Repeat all entries below exactly as shown.

• _RECORDS FOR THE TASK_:
....
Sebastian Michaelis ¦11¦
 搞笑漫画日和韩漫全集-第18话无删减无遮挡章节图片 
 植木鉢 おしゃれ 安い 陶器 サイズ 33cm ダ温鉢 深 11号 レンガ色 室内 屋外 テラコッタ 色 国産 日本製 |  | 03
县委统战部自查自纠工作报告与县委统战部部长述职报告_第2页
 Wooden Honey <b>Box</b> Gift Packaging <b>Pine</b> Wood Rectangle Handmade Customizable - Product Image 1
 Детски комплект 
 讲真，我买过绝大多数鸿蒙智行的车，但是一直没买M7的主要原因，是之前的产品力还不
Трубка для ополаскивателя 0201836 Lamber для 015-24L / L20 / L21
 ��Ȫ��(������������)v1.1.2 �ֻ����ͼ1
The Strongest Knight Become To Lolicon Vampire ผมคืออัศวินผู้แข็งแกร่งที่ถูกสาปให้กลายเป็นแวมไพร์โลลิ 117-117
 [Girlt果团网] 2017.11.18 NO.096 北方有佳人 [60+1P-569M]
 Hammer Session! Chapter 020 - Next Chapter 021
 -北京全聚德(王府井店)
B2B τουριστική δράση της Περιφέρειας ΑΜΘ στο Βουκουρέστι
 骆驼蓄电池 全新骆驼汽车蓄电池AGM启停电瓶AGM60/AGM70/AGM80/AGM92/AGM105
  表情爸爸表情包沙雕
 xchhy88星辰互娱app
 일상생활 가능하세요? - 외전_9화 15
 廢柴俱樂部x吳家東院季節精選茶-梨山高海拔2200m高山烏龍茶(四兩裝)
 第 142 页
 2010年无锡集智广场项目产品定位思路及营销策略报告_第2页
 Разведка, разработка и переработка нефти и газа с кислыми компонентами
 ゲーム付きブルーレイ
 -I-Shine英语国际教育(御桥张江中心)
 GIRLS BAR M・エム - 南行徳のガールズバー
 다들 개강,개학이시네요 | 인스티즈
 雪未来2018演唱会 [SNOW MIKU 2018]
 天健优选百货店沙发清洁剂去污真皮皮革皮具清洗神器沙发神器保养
....
• _RESPONSE_:
Sebastian Michaelis ¦11¦
 搞笑漫画日和韩漫全集-第18话无删减无遮挡章节图片 
 植木鉢 おしゃれ 安い 陶器 サイズ 33cm ダ温鉢 深 11号 レンガ色 室内 屋外 テラコッタ 色 国産 日本製 |  | 03
县委统战部自查自纠工作报告与县委统战部部长述职报告_第2页
 Wooden Honey <b>Box</b> Gift Packaging <b>Pine</b> Wood Rectangle Handmade Customizable - Product Image 1
 Детски комплект 
 讲真，我买过绝大多数鸿蒙智行的车，但是一直没买M7的主要原因，是之前的产品力还不
Трубка для ополаскивателя 0201836 Lamber для 015-24L / L20 / L21
 ��Ȫ��(������������)v1.1.2 �ֻ����ͼ1
The Strongest Knight Become To Lolicon Vampire ผมคืออัศวินผู้แข็งแกร่งที่ถูกสาปให้กลายเป็นแวมไพร์โลลิ 117-117
 [Girlt果团网] 2017.11.18 NO.096 北方有佳人 [60+1P-569M]
 Hammer Session! Chapter 020 - Next Chapter 021
 -北京全聚德(王府井店)
B2B τουριστική δράση της Περιφέρειας ΑΜΘ στο Βουκουρέστι
 骆驼蓄电池 全新骆驼汽车蓄电池AGM启停电瓶AGM60/AGM70/AGM80/AGM92/AGM105
  表情爸爸表情包沙雕
 xchhy88星辰互娱app
 일상생활 가능하세요? - 외전_9화 15
 廢柴俱樂部x吳家東院季節精選茶-梨山高海拔2200m高山烏龍茶(四兩裝)
 第 142 页
 2010年无锡集智广场项目产品定位思路及营销策略报告_第2页
 Разведка, разработка и переработка нефти и газа с кислыми компонентами
 ゲーム付きブルーレイ
 -I-Shine英语国际教育(御桥张江中心)
 GIRLS BAR M・エム - 南行徳のガールズバー
 다들 개강,개학이시네요 | 인스티즈
 雪未来2018演唱会 [SNOW MIKU 2018]
 天健优选百货店沙发清洁剂去污真皮皮革皮具清洗神器沙发神器保养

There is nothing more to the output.